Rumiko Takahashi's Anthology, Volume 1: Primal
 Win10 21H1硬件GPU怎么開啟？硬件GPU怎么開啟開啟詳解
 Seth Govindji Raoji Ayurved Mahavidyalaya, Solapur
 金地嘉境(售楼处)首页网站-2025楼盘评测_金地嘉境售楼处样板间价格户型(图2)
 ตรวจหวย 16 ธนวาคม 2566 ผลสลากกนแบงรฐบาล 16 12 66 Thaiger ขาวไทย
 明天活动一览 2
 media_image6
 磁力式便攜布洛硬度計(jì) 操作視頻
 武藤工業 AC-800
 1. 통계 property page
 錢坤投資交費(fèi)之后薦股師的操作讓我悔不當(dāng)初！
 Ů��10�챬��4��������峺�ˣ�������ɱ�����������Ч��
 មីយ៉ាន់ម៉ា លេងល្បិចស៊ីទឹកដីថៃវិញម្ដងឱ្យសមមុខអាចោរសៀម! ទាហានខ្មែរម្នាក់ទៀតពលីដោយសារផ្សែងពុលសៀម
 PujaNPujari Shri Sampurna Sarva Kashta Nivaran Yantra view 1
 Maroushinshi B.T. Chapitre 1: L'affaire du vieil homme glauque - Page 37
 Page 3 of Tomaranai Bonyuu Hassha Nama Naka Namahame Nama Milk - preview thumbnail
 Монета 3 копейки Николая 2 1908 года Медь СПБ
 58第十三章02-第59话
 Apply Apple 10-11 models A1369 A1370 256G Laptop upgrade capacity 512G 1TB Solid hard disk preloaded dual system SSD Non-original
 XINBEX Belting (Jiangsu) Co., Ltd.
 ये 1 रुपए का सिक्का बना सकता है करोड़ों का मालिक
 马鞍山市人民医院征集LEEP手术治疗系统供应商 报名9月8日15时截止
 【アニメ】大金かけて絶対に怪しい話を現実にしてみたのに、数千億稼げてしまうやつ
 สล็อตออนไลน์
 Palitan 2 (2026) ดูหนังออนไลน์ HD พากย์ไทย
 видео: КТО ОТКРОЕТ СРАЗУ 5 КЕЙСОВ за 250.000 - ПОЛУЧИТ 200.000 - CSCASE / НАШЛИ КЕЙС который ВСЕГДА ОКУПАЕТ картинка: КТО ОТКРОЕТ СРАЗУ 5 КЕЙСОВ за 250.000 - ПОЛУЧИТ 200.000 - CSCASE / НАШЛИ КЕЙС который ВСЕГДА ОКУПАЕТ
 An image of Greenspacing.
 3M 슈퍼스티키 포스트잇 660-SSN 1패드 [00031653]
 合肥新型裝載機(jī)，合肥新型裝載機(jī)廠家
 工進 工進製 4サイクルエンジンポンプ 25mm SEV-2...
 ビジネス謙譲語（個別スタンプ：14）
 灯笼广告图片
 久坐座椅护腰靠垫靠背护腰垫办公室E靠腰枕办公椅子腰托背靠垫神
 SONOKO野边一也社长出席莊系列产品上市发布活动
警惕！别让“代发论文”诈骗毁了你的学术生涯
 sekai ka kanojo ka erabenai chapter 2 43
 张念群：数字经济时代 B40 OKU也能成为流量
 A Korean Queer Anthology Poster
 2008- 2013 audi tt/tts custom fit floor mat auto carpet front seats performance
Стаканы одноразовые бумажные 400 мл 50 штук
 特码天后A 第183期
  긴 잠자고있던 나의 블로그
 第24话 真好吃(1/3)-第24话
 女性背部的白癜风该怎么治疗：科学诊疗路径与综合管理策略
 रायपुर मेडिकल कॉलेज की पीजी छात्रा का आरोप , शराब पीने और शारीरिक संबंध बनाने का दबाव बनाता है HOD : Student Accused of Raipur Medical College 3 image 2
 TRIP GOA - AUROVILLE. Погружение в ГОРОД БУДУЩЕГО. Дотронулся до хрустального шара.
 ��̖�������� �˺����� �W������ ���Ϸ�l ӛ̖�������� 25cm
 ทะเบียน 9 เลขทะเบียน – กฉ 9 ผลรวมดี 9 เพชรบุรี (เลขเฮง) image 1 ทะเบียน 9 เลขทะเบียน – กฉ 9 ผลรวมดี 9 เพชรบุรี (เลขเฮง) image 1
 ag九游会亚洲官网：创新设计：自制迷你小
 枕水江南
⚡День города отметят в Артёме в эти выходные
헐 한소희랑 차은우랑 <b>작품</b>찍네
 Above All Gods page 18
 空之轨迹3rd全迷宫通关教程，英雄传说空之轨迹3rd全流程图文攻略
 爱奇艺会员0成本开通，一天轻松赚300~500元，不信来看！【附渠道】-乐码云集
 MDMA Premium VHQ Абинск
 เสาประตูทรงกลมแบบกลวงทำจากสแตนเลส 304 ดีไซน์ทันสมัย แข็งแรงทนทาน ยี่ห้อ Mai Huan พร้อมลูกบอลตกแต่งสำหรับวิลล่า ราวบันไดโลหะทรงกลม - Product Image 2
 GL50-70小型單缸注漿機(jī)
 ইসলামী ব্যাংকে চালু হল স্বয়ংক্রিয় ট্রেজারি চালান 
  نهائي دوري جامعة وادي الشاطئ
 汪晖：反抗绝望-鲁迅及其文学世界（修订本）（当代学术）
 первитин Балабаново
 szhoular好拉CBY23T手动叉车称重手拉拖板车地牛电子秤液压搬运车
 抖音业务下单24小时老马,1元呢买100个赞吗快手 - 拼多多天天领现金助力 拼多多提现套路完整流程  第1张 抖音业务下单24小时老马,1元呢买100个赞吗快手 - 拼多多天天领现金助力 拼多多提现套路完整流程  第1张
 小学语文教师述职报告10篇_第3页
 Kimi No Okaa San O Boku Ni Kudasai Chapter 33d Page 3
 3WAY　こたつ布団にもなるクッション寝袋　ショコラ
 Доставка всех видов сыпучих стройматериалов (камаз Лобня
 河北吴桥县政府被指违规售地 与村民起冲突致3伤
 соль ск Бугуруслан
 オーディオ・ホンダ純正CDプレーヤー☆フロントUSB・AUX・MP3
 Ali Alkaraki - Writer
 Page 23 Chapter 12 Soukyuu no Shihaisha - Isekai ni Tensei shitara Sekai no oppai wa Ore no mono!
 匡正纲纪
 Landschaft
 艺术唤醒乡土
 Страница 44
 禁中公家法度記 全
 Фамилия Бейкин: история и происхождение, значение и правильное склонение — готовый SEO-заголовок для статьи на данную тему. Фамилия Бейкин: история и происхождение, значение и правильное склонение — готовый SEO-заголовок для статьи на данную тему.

****

■ **Assignment**: Copy the records above exactly, please, but only from the first line through the line containing "An image of Greenspacing.".

■ **Task response**:
Rumiko Takahashi's Anthology, Volume 1: Primal
 Win10 21H1硬件GPU怎么開啟？硬件GPU怎么開啟開啟詳解
 Seth Govindji Raoji Ayurved Mahavidyalaya, Solapur
 金地嘉境(售楼处)首页网站-2025楼盘评测_金地嘉境售楼处样板间价格户型(图2)
 ตรวจหวย 16 ธนวาคม 2566 ผลสลากกนแบงรฐบาล 16 12 66 Thaiger ขาวไทย
 明天活动一览 2
 media_image6
 磁力式便攜布洛硬度計(jì) 操作視頻
 武藤工業 AC-800
 1. 통계 property page
 錢坤投資交費(fèi)之后薦股師的操作讓我悔不當(dāng)初！
 Ů��10�챬��4��������峺�ˣ�������ɱ�����������Ч��
 មីយ៉ាន់ម៉ា លេងល្បិចស៊ីទឹកដីថៃវិញម្ដងឱ្យសមមុខអាចោរសៀម! ទាហានខ្មែរម្នាក់ទៀតពលីដោយសារផ្សែងពុលសៀម
 PujaNPujari Shri Sampurna Sarva Kashta Nivaran Yantra view 1
 Maroushinshi B.T. Chapitre 1: L'affaire du vieil homme glauque - Page 37
 Page 3 of Tomaranai Bonyuu Hassha Nama Naka Namahame Nama Milk - preview thumbnail
 Монета 3 копейки Николая 2 1908 года Медь СПБ
 58第十三章02-第59话
 Apply Apple 10-11 models A1369 A1370 256G Laptop upgrade capacity 512G 1TB Solid hard disk preloaded dual system SSD Non-original
 XINBEX Belting (Jiangsu) Co., Ltd.
 ये 1 रुपए का सिक्का बना सकता है करोड़ों का मालिक
 马鞍山市人民医院征集LEEP手术治疗系统供应商 报名9月8日15时截止
 【アニメ】大金かけて絶対に怪しい話を現実にしてみたのに、数千億稼げてしまうやつ
 สล็อตออนไลน์
 Palitan 2 (2026) ดูหนังออนไลน์ HD พากย์ไทย
 видео: КТО ОТКРОЕТ СРАЗУ 5 КЕЙСОВ за 250.000 - ПОЛУЧИТ 200.000 - CSCASE / НАШЛИ КЕЙС который ВСЕГДА ОКУПАЕТ картинка: КТО ОТКРОЕТ СРАЗУ 5 КЕЙСОВ за 250.000 - ПОЛУЧИТ 200.000 - CSCASE / НАШЛИ КЕЙС который ВСЕГДА ОКУПАЕТ
 An image of Greenspacing.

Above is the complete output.